According to Dr M L Jat, Secretary, Department of Agricultural Research and Education (DARE), and Director General of the Indian Council of Agricultural Research (ICAR), the country’s popcorn maize market has expanded from 50,000 tonnes in 2014-15 to 1.30 lakh tonnes in 2025-26, and is expected to rise to nearly 1.80 lakh tonnes by 2030, helping cut imports and save an estimated Rs 810 crore in foreign exchange. That is a major shift from the situation a decade ago, when imported popcorn dominated the Indian market and local production was negligible.
The growth, he said, reflects the steady development of high-expansion popcorn maize varieties suited to Indian conditions and the emergence of an organised production ecosystem linking research institutions, private companies and farmers. Where India once imported virtually all the popcorn it consumed, domestic production now supplies nearly 70% of national demand, sharply reducing reliance on overseas shipments.

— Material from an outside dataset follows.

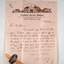 Letter on colour stationary  with letter head.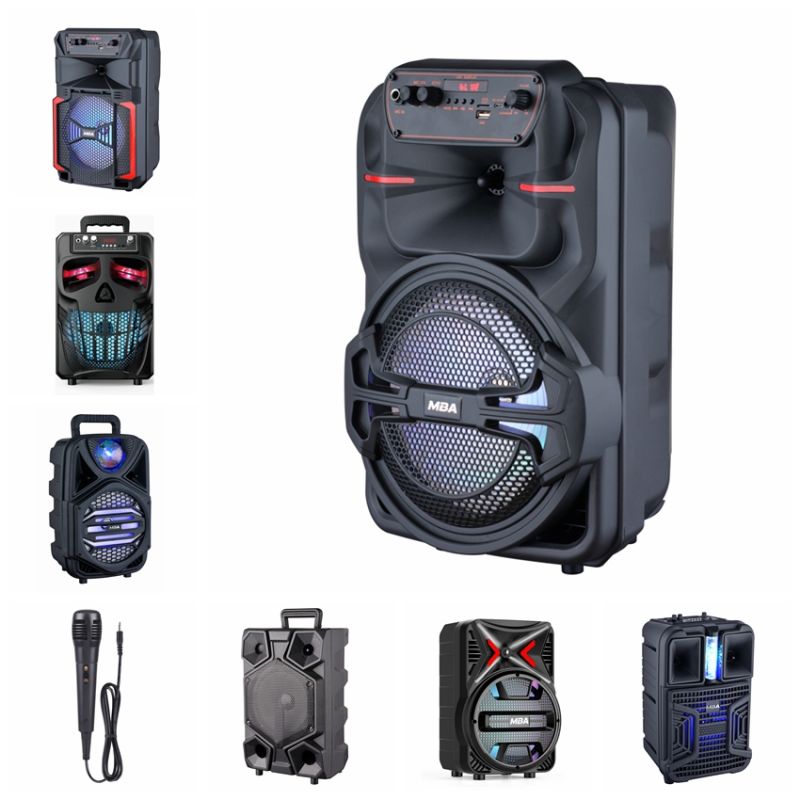 8" Promotion Portable Active Computer Speaker with Bluetooth Karaoke DJ Woofer and Wireless Microphone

At the centre of this shift is a collaboration between ICAR’s Indian Institute of Maize Research (IIMR), based in Ludhiana, and Gourmet Popcornica Private Limited, one of India’s largest popcorn company. The partnership has focused on strengthening the popcorn maize value chain, improving seed quality, expanding production acreage and creating a more reliable domestic supply system for processors and consumers.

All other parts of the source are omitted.